Critical Infrastructure
Protection with a twist

- A multi-prong attack is poised to occur in San Luis Rey. Can your prevention strategies stop it before it's too late?

CLIENT: Center for Homeland Defense and Security
PROJECT: San Luis Rey Scenario for Critical Infrastructure Protection

Teleologic developed a set of scenario-based problems for the fictional jurisdiction of San Luis Rey. In this case, learners applied their learning of homeland security and critical infrastructure protection to try to prevent a multi-prong terrorist attack involving various vulnerabilities of the transportation and power sectors.

The client's market included medium to high level homeland security professionals seeking a master's degree in Homeland Security through the Naval Postgraduate School and sponsored by the Office for Domestic Preparedness. Content provided by subject-matter experts was supported by on-line activities, discussions, and application in scenario- based challenges set in San Luis Rey.

Business Challenges

A need for the development of a cadre of strategic thinkers and homeland security leadership experts emerged after 9/11. The Center for Homeland Defense and Security wanted to distinguish itself from others seeking to provide master's level education in this emerging field.

How could Teleologic use its network-based learning expertise to help the client differentiate its program from others in a meaningful way?

The CHDS learners were already highly educated and successful in their homeland security related fields. The challenge was in having them apply policy and leadership skills in a meaningful and effective learning context.

How could Teleologic build in realistic opportunities for these highly educated homeland security professionals to apply leadership skills and strategic thinking in this case, specifically about critical infrastructure protection?

Teleologic Solutions

The Teleologic team worked closely with the client to create a strategic approach to their part in-residence and part online curriculum.

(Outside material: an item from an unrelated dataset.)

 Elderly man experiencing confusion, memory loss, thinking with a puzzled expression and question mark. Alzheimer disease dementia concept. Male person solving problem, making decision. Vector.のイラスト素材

Working in this emerging and often political discipline required a thorough understanding of the client's context and the needs of the client, the client's learners, and the client's funders.

Purposeful: What is the client trying to achieve?

  • Create an effective online learning environment component for homeland security leadership development.
  • Distinguish itself as a provider of graduate homeland security education

Learner-centric: How will the learners' needs be addressed?

  • Scenario-based application of learning and policy level thinking.
  • Engage learners through the use of multimedia and narrative so that the story is affective and personally compelling.
  • Make the problem (terrorist attack on critical infrastructure) relevant and realistic.

Visually Meaningful: How does the graphic identity and supporting visual elements support the purpose?

  • The scenario narrative called for three simultaneous story-lines, all of which provided large amounts of crucial on-screen content. A simple but effective layout allowed for a logical, functional separation of the content while establishing an understood chronology for the scenario narrative.
  • Electric theme reinforces concepts of Critical Infrastructure Protection.
  • Game-like interface to encourage engagement.
  • Realistic audio and photographic imagery for enhanced realism.

Technologically Appropriate: How can technology be used appropriately to achieve the client's outcomes?

  • A blend of multimedia elements including animation, user interaction, photo and schematic imagery, and audio elements, to create a complete "experience" in a relatively low-bandwidth package.